Wayde Compton's book 49th Parallel Psalm is about black settlers in B.C. after 1858: "black like wax tracks. / free-at-last markets. black / like the invisible hand...." Maybe you can tell from those few words that Compton wittily samples and re-mixes music and politics and history and verse. It works. Compton's book was reviewed here in the summer and he was profiled in these pages around WordFest time. If you managed to miss all that, you can catch Compton with Calgary's Claire Harris, author of Drawing Down a Daughter and Dipped in Shadow. Both read this Saturday, February 19 at Bow Valley College (332 - 6th Avenue SE). The readings are at 6 p.m., and a screening of Selwyn Jacob's film The Road Taken follows. Admission is pay what you can, and it’s all part of Black History Month.
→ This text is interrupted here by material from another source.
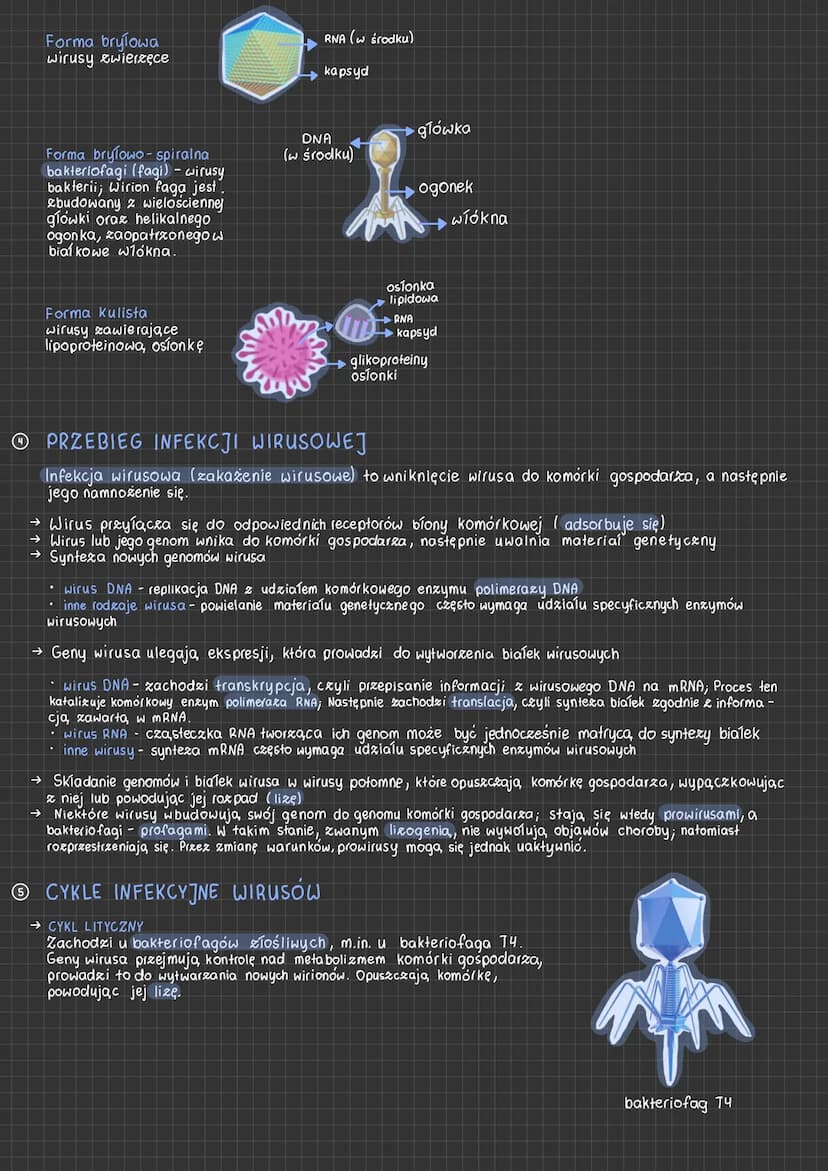 Wirusy
Ⓒ Wirusy
czynniki zakaźne zbudowane & biaĺka i kwasu nukleinowego; osiągają rozmiary od
kilku do kilkuset nanometrów. Są to wewnątrz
Nominees for the Rogers Writers Trust Fiction Prize include Calgary's Peter Oliva, for his 1999 novel City of Yes. Oliva's in good company with fellow nominees Caroline Adderson, Alistair Macleod, Elyse Gasco and Judy MacDonald.

Apologies for the garbled bit in last week's column: the description of Bill Friends's anthology should have read: "What Friend has done is to take poems that get put into anthologies all the time (perhaps Keats' Odes? Earl Birney's "David"?) and rewritten them."

And don't skip Lunch: Lydia, that is, who offers a midnight performance this Friday, February 18 at Big Secret Theatre, following the Ground Zero production of Killer Joe. Expect some sex-advice column excerpts and stories of sexual obsession – all very late at night.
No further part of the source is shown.